India which has a big chain of private hospitals, with a very weak public health system, is struggling with the pandemic. India now needs to think about nationalising all private hospitals like Spain did.
Capitalist medical care survives on profits from individual patients’ money, by treating those who suffer from slow killer diseases. They are not welfarists, but cure-and-profit healthcare capitalists.
Their expertise and technological abilities are doubtless. They are mostly out of business now as corona shakes up the health system of all countries.
All states, whether capitalist or socialist or dictatorial, must take up the responsibility of testing, and treating the victims of corona. But barring a few countries the state system of healthcare is either weak or does not exist at all.
In India except in Kerala government provided healthcare is very weak. They are not in a position to keep corona patients, at least not in neatly maintained rooms.
For the first time the Indian rich, who otherwise get treated in well maintained private hospitals, are forced to live in the government’s not so well maintained hospitals as corona patients, and some of them are, it is reported, running away.
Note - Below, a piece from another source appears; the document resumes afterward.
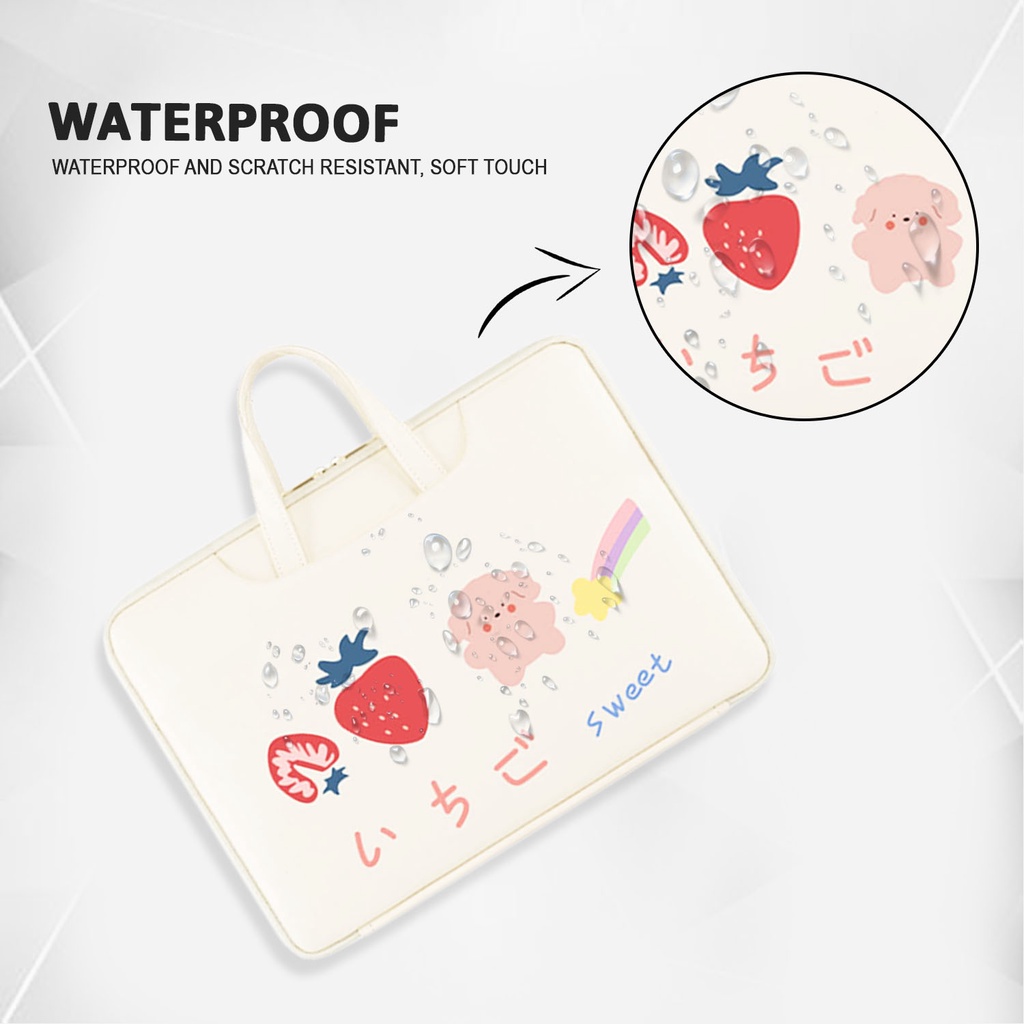 Sleeve Pouch Sarung Tas Bag Case Ipad Tab Tablet Macbook Air Pro Laptop Asus Acer Lenovo HP Huawei 11 12 13 14 15 inch Motif Gambar Rainbow Bear Beruang Warna Putih Lucu Cute Murah Korean Model Jinjing Tali Strap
Corona made them taste what a government hospital is, like the poorest of the poor. Corona has come as a leveller in a highly unequal world, more so in India.
In a country like the US where the best medical equipment and good doctors are available they are all in the private sector. Obamacare was an effort to make a healthcare system available to the poor, also in this private sector, at the expense of the state. But Trump dismantled it, the largest state insurance programme in the world.
India with 1.3 billion people is going through a trauma. Its Nehruvian state health system was slowly allowed to shift into private hands.
The post-1990 drive of disinvestment in every sector, and the rise of private hospitals with a dream of the Euro-American model of private healthcare, in an India of 55 per cent poor and unorganised labouring masses, finds itself oxygenless now. What is needed now in the times of corona is oxygen to every Indian, poor or rich.
Though the very poorly maintained state system with a net of All India Medical Institutes is struggling to cope with the present crisis, almost all commercial hospitals remain shut during the lockdown.
This should not have been allowed.
Except in Kerala, which has its own model of a democratic socialist state-run health care system connecting villages to towns to cities, nowhere is a proper chain available.
Doctors are like soldiers in wartime, in times of a pandemic like corona. But the private-sector doctors and nurses became like ordinary citizens sitting at home, having made their money during normal times.
The need for declaring doctors’ work as a national essential service by calling all of them into this emergency duty is a must. They did not become doctors only for themselves, while the poorly paid state doctors and nurses are struggling.
When the nation claps for doctors it claps for those who are serving their patients, not for those sitting at home.
Like the Indian army and police, no doctor can say I am not bound by national duty. Capitalist medicare, at least, has to become nationalist medicare in such times, leave alone socialist medicare of the Cuba type.
Capitalism gives profit and riches to rich. Money makes money in capitalism. If hospitals which save life become money-makers, a corona (crown) comes along to teach a different lesson.
For many parents whose children were sent to America for studies, jobs and settlement, corona told them that dream is now dreadful. And if it strikes in such homes, though one hopes it will not, on both sides the death becomes horrible. They cannot even cry around each other.
It is now global wartime. The Second World War was no match for this one.
In the post-corona world, many will have to think that the whole vision of life on this planet must change.
Consume in a socialist way, like Karl Marx told us, and live together without dividing rich and poor.
Every country has to rethink about life in the future, starting with common health care, where every human being can get oxygen when they need it.